I think I can still do handstands throughout. I'm going to start training handbalancing with Angelo next week. Hopefully the troll with not object overmuch and it will keep the tyger from gnawing at other delicate bits for the next... how many months?

Sunday, January 10, 2010

Grrrrrrr....

Says the tyger. It's been long enough.

Long enough spent resting, eating, feeling safe and cozy. Now I can feel the pacing beast inside me and it occurs to me, not for the first time...

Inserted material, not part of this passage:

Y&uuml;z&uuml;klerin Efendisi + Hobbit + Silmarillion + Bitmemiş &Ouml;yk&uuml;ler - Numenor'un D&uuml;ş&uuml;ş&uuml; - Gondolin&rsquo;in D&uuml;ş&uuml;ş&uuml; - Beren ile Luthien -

Maybe I'm one of those people who will never "grow up". I talked to my mother on the phone today and she is shoving writing jobs down my throat, assuring me that I just have to find the right job, something really interesting, and I will be excited and passionate about it. She sounds a little desperate when she says it, desperate to convince me, desperate to believe it herself?

But I don't believe it. I may end up working some job type job for a little while right now to facilitate the healing of the hip, but passion? For writing about other people's lives, other people's dreams, for other people's publications? I used to think that being a journalist would be such a fabulous job, but that was before I found this life I have now. And I can't go back.

I can deal with many of the recent changes. My gym for instance. Only a few months ago I was aerobicizing away amidst herds of lanky models, carefully tanned actors, and grizzled producers. The Hollywood sign floated tauntingly outside the massive plate glass windows and everything was gleamingly fluorescent, new, painfully trendy. Up and coming DJs set up their rigs to spin dub step and mash ups for the hip hop and stripper pole classes taught by professional dancers. Half the breasts in the changing room had surgical assistance in maintaining their buoyancy.

Now the creaky hand-cranked windows in my gym look out onto a quaint bagel shop and a used electronics store with a broken neon sign that flashes intermittently. My fellow fitness-seekers are mostly dumpy Chinese housewives and retired cops on crutches. The one set of loudspeakers was, during the brief moment I removed my earphones, playing Lionel Ritchie. The pace of the average workout taking place around me is desultory that I frequently wonder why they come to the gym at all. As usual, I stand out a bit, which isn't necessarily a problem, but when combined with my broiling frustration it makes me feel a bit like the high school kid I used to be. Testy.

I love my home now, it's beautiful. It is far more beautiful than anyplace I anticipated living in the near future. I have a boudoire, and I sleep in a bed fit for royalty.

So I find it odd that I am so restless. Who wouldn't want what I have? And yet deep inside the tyger paces and growls and I have to get back to work soon. I have to get back to the struggle, the birthing. It's the only way I know to get this thing out, and if it stays inside me it will chew its way out through my ribcage, eviscerating me along the way.